Captioned web images
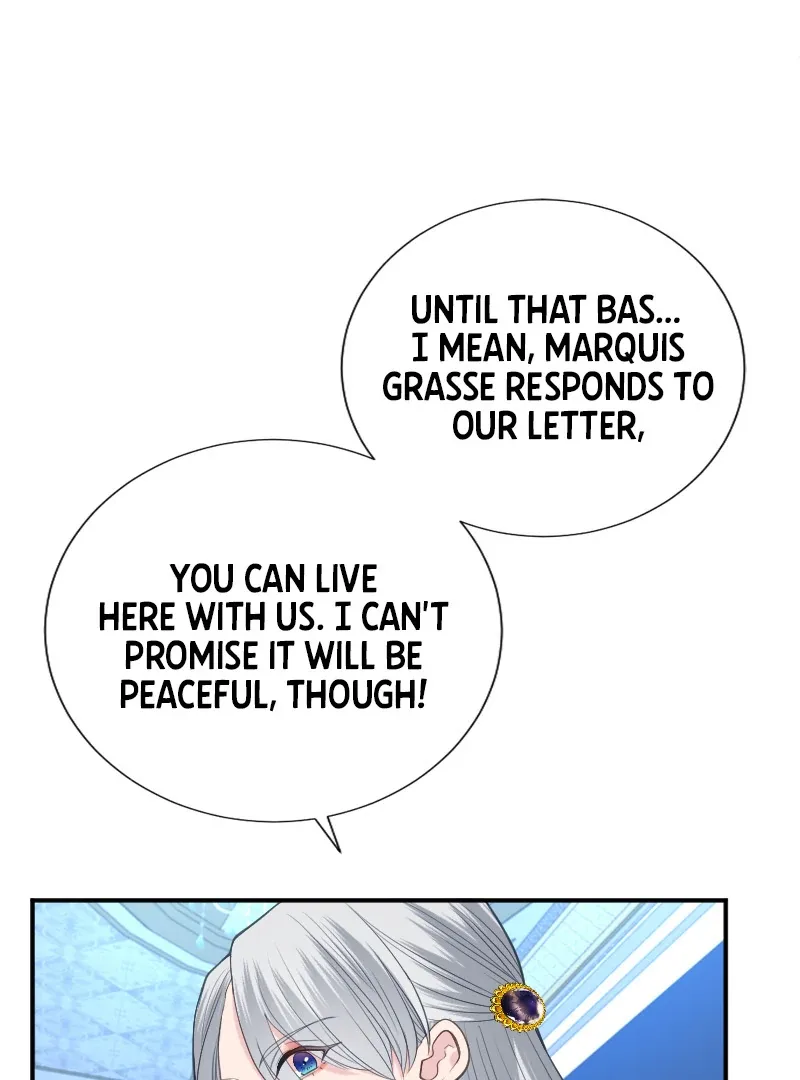 Notorious Wife-Killer’s Remarriage Proposal Chapter 35 page 17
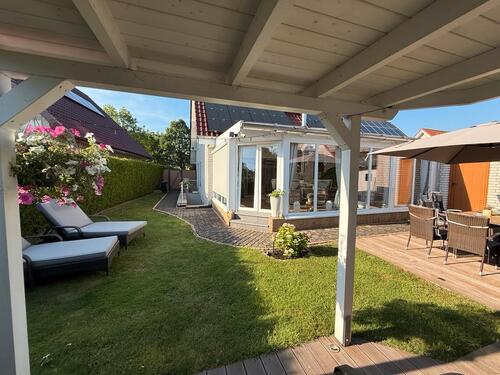 Foto - 6 Zimmer Einfamilienhaus zum Kaufen in Herford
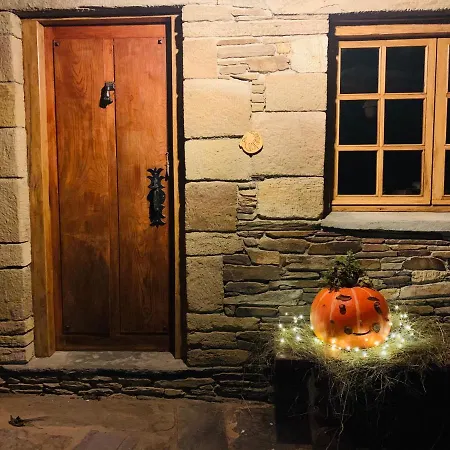 Bed & Breakfast Casa Ferreiro - Campo Da Cruz - Lugo Baltar (Lugo)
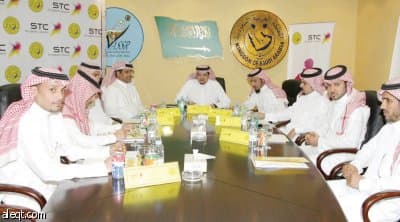 فيصل بن تركي رئيسا للنصر لأربع سنوات قادمة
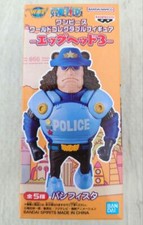 One Piece World Collectible Figure Egghead 3 Pacifista WCF Egg Head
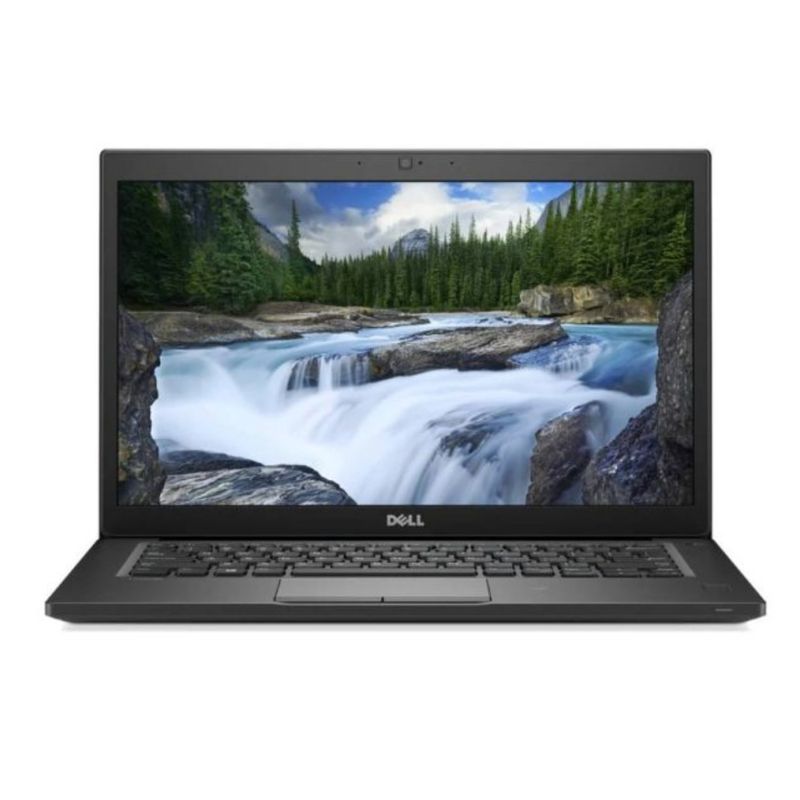 DELL - Notebook Dell Latitude 7490 14" Core i7 8GB RAM 512GBSSD Reacondicionado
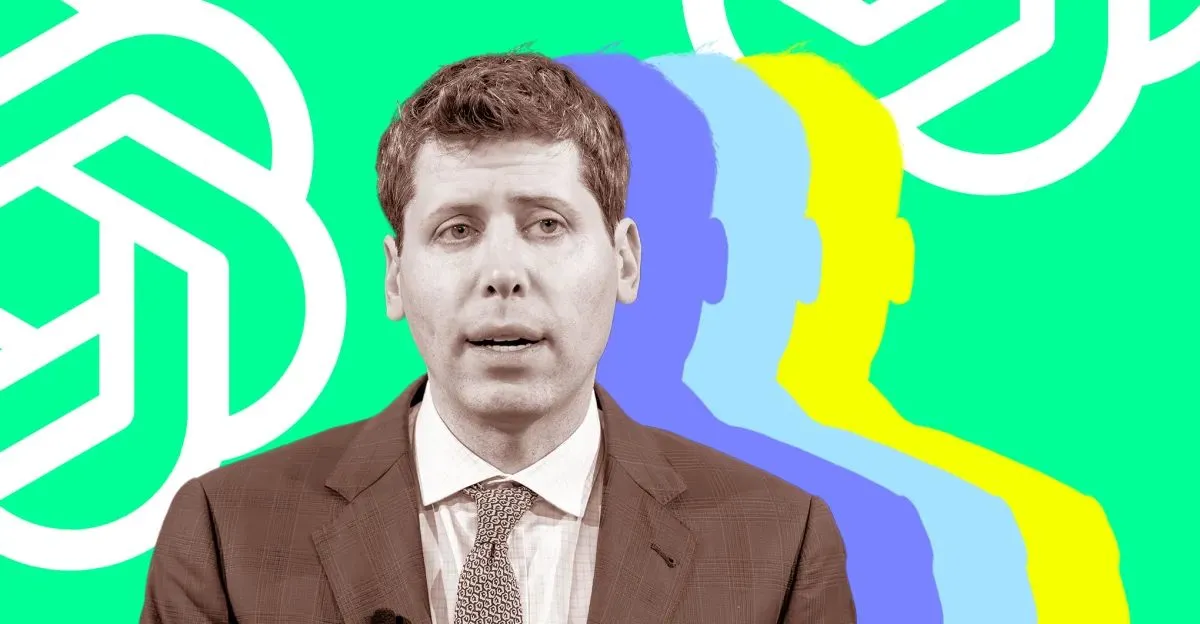 Sam Altman Warns of AI Bubble as OpenAI Eyes Trillions for Data Centers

# Task requirements
All the records need to be repeated exactly, with the images dropped.

# Response to the exercise
 Notorious Wife-Killer’s Remarriage Proposal Chapter 35 page 17
 Foto - 6 Zimmer Einfamilienhaus zum Kaufen in Herford
 Bed & Breakfast Casa Ferreiro - Campo Da Cruz - Lugo Baltar (Lugo)
 فيصل بن تركي رئيسا للنصر لأربع سنوات قادمة
 One Piece World Collectible Figure Egghead 3 Pacifista WCF Egg Head
 DELL - Notebook Dell Latitude 7490 14" Core i7 8GB RAM 512GBSSD Reacondicionado
 Sam Altman Warns of AI Bubble as OpenAI Eyes Trillions for Data Centers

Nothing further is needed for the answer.